• _What you need to do_
As the lines appear below, please set them down exactly, starting at the first and finishing with the one containing "Serapi Rug, Persian".

Records from a collection
##########
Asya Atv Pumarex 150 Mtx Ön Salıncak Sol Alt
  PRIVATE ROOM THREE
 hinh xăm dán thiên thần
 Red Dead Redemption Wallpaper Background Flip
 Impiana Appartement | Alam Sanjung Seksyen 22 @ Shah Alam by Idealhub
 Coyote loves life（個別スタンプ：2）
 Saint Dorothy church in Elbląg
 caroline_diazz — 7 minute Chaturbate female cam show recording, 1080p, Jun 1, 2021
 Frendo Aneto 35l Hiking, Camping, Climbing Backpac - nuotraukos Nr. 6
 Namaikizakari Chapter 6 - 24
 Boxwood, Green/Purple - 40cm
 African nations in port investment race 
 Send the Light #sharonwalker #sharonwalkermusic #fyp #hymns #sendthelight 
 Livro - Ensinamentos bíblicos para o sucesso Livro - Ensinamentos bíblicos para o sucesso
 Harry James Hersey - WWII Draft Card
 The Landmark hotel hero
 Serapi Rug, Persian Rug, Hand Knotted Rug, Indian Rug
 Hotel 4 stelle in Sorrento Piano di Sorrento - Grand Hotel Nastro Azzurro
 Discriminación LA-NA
##########
• _Answer to this problem_
Asya Atv Pumarex 150 Mtx Ön Salıncak Sol Alt
  PRIVATE ROOM THREE
 hinh xăm dán thiên thần
 Red Dead Redemption Wallpaper Background Flip
 Impiana Appartement | Alam Sanjung Seksyen 22 @ Shah Alam by Idealhub
 Coyote loves life（個別スタンプ：2）
 Saint Dorothy church in Elbląg
 caroline_diazz — 7 minute Chaturbate female cam show recording, 1080p, Jun 1, 2021
 Frendo Aneto 35l Hiking, Camping, Climbing Backpac - nuotraukos Nr. 6
 Namaikizakari Chapter 6 - 24
 Boxwood, Green/Purple - 40cm
 African nations in port investment race 
 Send the Light #sharonwalker #sharonwalkermusic #fyp #hymns #sendthelight 
 Livro - Ensinamentos bíblicos para o sucesso Livro - Ensinamentos bíblicos para o sucesso
 Harry James Hersey - WWII Draft Card
 The Landmark hotel hero
 Serapi Rug, Persian Rug, Hand Knotted Rug, Indian Rug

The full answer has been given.